In the aspect of logistics and transportation, the suppliers of the accessories and garments from the factory to the delivery point are responsible for the production process. The sales link from the delivery point to the franchisee is responsible by the franchisee. If these two steps are chosen by Metersbonwe, they are entrusted to the third party logistics company. The warehousing of the finished goods is responsible for the self built distribution centers (Shanghai, Wenzhou and Shenyang) and the national sales subsidiaries.
In the sales channel, Metersbonwe adopts the way of "direct operation and joining together". In the early stage, it takes the franchise as the main business, supplemented by direct operation, and opens up the market quickly with the help of external force when the company's financial strength is limited.
However, the production, sales channels and logistics links are three, which puts forward higher requirements for Metersbonwe to control the entire industrial chain. This means that Metersbonwe must have strong supply chain integration and management capabilities, including the management and control of upstream suppliers, as well as the control and management of the incoming, selling and storing systems of downstream affiliate terminals. It means that Metersbonwe must become the main chain of the whole industry chain, and must ensure that enterprises are always at the central position of the industrial chain. To achieve this goal, Zhou Chengjian concentrates on resources to build the core competitiveness of the brand, concentrates on its own business priorities in brand building, product design, channels and supply chain management.

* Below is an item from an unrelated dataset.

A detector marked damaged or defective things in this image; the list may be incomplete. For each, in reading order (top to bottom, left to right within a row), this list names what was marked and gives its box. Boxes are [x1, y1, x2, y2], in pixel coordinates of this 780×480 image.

Through the powerful information management system, Metersbonwe can supervise, control and manage the entire supply chain in real time, and achieve rapid response to resource integration and response to changes in all aspects of the supply chain. In Zhou Chengjian's view, the future competition of the garment industry will be the competition of the entire supply chain.
It is understood that Metersbonwe's industrial chain integration information system consists of three parts: the ERP of the processing plant, the internal management system and the information system of the exclusive store. The three systems are independent and highly integrated, forming a complete, efficient and low-cost supply chain management platform. After listing in August 2008, Metersbonwe upgraded the information system to adapt to the multi brand strategy, the in-depth layout of the market, the development of network marketing and the integration of higher level supply chain management.

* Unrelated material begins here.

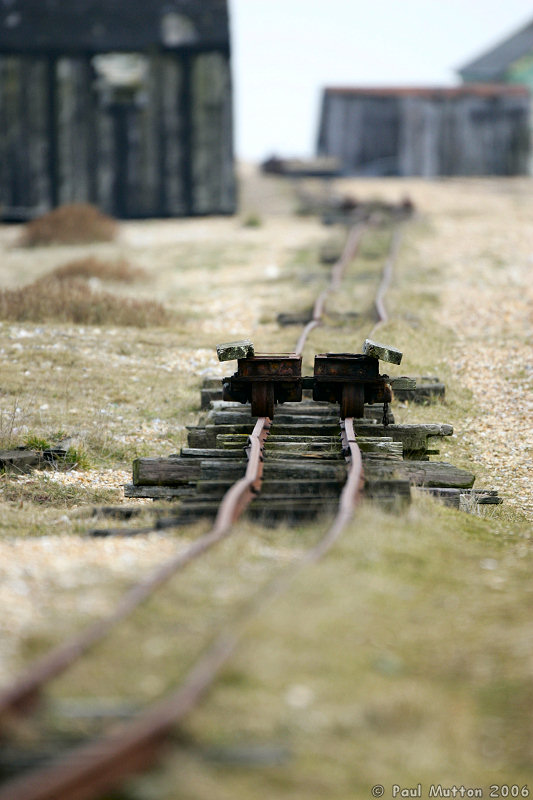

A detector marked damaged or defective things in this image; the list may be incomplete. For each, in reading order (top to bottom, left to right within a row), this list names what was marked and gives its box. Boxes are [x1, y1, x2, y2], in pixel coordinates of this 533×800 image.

rusty rail [294, 220, 364, 354]
rusty rail [0, 418, 268, 724]
rusty rail [0, 418, 362, 800]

Through the operation of light assets, Zhou Chengjian began to further control the industrial chain through the listing and financing, extending to some production and retail terminal links, and set up factories and direct stores to realize the "heavy" transformation from light to partial. Such a transformation is not difficult to understand. In 2008, many light asset companies encountered Waterloo in this year, including ITAT and PPG, which are famous for their "light assets". In addition, Zara, H&M, UNIQLO and other international competitive brands have conquered countless Chinese consumers through fast fashion. There are risks in light asset growth mode.

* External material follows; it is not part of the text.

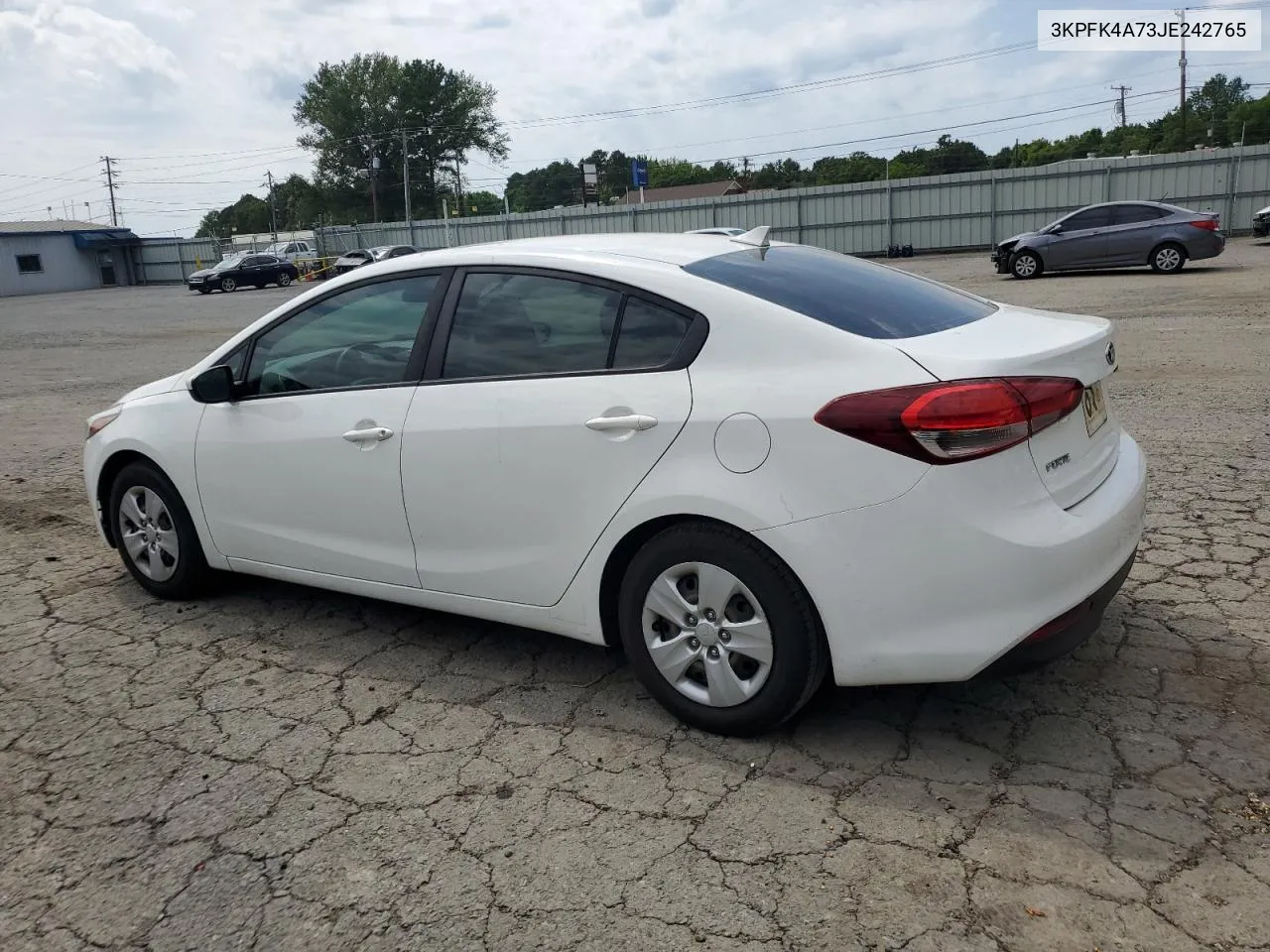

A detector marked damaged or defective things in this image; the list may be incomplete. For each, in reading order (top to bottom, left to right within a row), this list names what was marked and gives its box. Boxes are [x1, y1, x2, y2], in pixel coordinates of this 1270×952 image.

cracked asphalt pavement [2, 242, 1270, 949]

Therefore, after the listing, Metersbonwe began to step up efforts to push the flagship store and image store in the first tier cities. These shops are mainly combined with purchase and long-term lease. Zhou Chengjian's explanation is that we can get stable store resources by buying property rights. If you want to be a centenary store of clothing retailing, it is indispensable to have a fixed business place, and buying a shop is more advantageous than leasing.